Hi, I was just wondering about the explanation given in this lab. Specifically, when you plot the final multiclass decision boundaries, it looks like this:
This looks like a ‘star’ shape with rays coming out at different angles from a central point. It’s not two straight lines because the lines ‘bend’ at the intersection point.
However, in the explanation, each unit is shown to divide the points linearly:
What I’m confused about is that, the two first-layer units don’t seem to partition the groups that well, e.g. there are some points lying on or very close to the boundary. But somehow the decision boundaries in the output layer partition very well. And secondly, the output decision boundary is not the superposition of the two hidden layer linear decision boundaries. But maybe that’s because of the softmax.
My best guess for what’s going on is that the hidden layer doesn’t actually need to partition classes, but the two neurons need to learn ‘good enough’ partitionings of the input data (which are different from each other), such that the output layer can then learn a linear combination of the two independent hidden-layer partition values that works well for the overall classification. Is that right?
In the explanation graphs (below), the ‘sample’ layer decision boundaries are depicted as (more) perfectly partitioning the input data, but if I have understood correctly, it doesn’t really matter how good this partitioning is. Or is a good partitioning necessary for the output layer to work?
Sorry if this question is confusing, it just feels like something is inconsistent in my understanding of the graphs and I’m trying to figure out what it is
The lines are not straight and continuous because they’re segmented, to reduce the number of points that need to be computed that are on the decision boundary.

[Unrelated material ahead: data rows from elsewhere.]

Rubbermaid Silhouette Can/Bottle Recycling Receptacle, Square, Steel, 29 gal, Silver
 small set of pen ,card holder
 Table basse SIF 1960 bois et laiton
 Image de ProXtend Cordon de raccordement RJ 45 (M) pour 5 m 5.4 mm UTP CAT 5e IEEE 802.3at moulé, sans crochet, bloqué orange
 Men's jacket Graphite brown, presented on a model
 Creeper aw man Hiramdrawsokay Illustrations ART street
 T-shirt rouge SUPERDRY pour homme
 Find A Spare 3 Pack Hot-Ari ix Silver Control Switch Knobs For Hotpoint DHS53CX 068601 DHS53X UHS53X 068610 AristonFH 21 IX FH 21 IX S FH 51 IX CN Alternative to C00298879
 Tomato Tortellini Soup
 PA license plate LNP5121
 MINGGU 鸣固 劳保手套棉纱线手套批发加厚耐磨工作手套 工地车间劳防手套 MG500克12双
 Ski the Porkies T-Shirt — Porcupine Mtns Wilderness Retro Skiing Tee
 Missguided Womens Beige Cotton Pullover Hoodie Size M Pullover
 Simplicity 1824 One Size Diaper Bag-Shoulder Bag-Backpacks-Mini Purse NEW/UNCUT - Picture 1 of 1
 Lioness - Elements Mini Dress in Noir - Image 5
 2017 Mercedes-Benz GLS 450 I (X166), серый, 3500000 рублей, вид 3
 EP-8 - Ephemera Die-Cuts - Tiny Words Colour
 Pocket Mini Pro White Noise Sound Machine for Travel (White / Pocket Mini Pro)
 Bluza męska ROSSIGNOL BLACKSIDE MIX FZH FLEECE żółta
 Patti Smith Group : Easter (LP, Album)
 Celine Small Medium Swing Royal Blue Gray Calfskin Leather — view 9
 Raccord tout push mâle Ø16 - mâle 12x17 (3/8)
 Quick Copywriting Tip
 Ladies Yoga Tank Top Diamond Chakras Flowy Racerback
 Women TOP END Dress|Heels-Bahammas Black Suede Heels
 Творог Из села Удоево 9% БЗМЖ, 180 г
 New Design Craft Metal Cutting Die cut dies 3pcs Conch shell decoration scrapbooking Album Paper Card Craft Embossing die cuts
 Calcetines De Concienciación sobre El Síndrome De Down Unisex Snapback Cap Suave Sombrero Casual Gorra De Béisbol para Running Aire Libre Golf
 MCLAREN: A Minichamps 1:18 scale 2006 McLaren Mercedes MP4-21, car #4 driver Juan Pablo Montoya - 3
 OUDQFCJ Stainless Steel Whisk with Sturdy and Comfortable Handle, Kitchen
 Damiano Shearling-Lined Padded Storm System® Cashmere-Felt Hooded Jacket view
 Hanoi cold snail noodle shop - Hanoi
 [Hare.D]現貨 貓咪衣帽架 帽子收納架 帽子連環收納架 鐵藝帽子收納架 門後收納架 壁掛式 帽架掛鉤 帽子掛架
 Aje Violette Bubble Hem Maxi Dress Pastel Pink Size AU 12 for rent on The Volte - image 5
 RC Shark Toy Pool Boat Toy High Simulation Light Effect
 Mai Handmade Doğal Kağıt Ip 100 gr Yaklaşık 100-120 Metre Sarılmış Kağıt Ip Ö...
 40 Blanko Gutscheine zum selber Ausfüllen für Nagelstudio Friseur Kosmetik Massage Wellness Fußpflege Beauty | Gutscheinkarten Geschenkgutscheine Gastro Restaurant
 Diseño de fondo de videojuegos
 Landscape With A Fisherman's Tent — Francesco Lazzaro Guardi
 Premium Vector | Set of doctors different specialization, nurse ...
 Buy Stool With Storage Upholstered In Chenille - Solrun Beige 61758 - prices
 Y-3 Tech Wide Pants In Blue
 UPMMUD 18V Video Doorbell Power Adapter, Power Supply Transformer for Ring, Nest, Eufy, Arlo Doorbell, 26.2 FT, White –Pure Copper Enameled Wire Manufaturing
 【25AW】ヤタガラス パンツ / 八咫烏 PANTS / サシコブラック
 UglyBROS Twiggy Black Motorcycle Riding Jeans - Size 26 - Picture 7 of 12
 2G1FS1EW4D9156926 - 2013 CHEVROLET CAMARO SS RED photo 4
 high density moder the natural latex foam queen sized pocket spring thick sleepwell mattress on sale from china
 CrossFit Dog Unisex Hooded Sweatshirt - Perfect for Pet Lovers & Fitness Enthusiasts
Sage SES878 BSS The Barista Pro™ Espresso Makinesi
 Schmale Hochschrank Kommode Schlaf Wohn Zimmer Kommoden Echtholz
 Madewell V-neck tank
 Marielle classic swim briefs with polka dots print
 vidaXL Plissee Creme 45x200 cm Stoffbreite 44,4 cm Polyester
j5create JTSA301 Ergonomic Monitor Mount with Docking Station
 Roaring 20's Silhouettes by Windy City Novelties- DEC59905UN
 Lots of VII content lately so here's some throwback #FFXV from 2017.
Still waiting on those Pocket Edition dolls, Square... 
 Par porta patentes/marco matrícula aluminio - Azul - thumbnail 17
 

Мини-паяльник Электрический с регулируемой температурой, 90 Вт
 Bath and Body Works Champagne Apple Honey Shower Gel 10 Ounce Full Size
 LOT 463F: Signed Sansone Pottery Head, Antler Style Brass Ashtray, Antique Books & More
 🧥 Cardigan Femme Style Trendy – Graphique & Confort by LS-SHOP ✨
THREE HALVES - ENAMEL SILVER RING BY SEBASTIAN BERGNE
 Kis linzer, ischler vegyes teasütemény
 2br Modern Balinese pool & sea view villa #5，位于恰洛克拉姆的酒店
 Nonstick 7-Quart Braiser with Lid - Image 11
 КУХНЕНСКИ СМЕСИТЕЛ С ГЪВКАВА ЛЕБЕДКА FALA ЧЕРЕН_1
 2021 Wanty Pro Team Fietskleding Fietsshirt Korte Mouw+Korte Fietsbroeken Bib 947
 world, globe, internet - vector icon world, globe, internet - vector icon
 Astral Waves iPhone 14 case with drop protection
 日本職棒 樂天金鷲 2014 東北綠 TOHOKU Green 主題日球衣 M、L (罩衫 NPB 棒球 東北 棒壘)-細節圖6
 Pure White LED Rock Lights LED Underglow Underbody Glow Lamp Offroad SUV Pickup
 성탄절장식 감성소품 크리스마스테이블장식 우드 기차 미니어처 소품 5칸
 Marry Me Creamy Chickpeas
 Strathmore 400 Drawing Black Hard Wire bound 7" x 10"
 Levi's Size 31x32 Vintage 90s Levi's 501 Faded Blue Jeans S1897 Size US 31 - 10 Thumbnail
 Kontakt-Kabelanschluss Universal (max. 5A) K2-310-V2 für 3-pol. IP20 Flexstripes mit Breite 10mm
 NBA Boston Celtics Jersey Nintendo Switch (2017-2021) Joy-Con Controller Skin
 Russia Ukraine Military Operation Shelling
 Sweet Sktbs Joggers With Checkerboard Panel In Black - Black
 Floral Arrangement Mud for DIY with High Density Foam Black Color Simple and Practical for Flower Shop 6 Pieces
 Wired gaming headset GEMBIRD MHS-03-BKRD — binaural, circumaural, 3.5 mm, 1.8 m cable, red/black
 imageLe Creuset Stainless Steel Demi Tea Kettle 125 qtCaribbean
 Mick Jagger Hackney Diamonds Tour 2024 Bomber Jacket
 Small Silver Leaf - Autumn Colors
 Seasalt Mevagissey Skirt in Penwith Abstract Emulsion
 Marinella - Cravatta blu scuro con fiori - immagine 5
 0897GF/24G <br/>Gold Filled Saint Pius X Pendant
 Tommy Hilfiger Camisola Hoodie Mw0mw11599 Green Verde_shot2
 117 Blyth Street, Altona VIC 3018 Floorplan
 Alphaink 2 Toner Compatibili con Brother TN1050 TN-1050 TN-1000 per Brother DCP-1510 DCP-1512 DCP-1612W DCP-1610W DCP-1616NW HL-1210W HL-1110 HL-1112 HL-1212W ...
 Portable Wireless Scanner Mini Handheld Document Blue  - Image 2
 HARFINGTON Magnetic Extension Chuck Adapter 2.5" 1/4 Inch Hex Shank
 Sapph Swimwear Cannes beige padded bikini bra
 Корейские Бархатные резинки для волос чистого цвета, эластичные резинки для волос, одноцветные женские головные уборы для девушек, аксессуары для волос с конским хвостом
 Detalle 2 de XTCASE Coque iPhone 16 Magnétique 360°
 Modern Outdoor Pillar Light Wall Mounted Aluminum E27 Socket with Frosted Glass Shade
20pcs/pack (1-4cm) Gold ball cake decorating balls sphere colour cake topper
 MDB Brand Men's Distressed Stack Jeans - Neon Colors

They look weird at the middle intersection because of quantization in how they’re drawn.
I do not clearly understand the remainder of your question.
I’m not talking about the squiggliness/jagged shape of the lines in the charts, I’m talking about whether they are theoretically meant to be straight or not.
For some more concrete questions:
Clearly the hidden layer neurons have linear decision boundaries. Does the output layer have piecewise linear decision boundaries? They look ‘almost linear’ in the first chart.
Is it true that the output layer can learn to classify accurately even if the hidden layers themselves don’t perfectly partition the input data (e.g. as either {class0, class1} or {class2, class3})? This is suggested by the fact that the later charts of hidden layer neurons have some points from the same class lying on both sides of the decision boundary in certain cases.
Yes - you pointed the cause out - that the first chart is linear because it plots the neuron outputs in the first layer, but the second chart is not linear because it plots the neuron outputs in the output layer. Different layers, different behaviors. The first layer is linear because there is no additional non-linear activation function between it and the input features. The second layer has additional non-linear activation.
There is no law that dictates quantitatively how good earlier layer had to learn for the output layer to learn well. However, apparently, the better the earlier layers are able to distinguish, the easier it is for the later layers. Put it this way, you can construct a model of 3 layers instead, leaving the first hidden layer untrainable, and then only train the other layers. You will end up with a model where the first hidden layer learnt nothing (because it had been forced to be untrainable). There is a chance that the model is still able to perform reasonably well (but I am not guaranteeing you that it must perform as well or better).
For actually how good such model can perform, I will leave it to you to try it out yourself. You might first attempt a model of 2 layers which are all trainable, then move on to a model of 3 layers with the first one being not trainable, and then move on to 6 layers with the first four untrainable, and then maybe 20 layers with the first 18 untrainable, and see the effect of bad early layers on the overall model performance.
Another experiment that you might do is to have a model of 3 layers. Let’s say you think training it for 100 epochs is just right for it to perform well, then you might do these:
set n = 90
construct a new model of 3 layers, and train the full model for n epochs, then set the first layer to be untrainable, and train the partial model for 100 - n epochs
record the model’s performance
set n = 80 and repeat step 2 and 3.
You might iterate this process for n = 100, 90, 80, ..., 0 to find out how performance changes against the maturity of the first layer.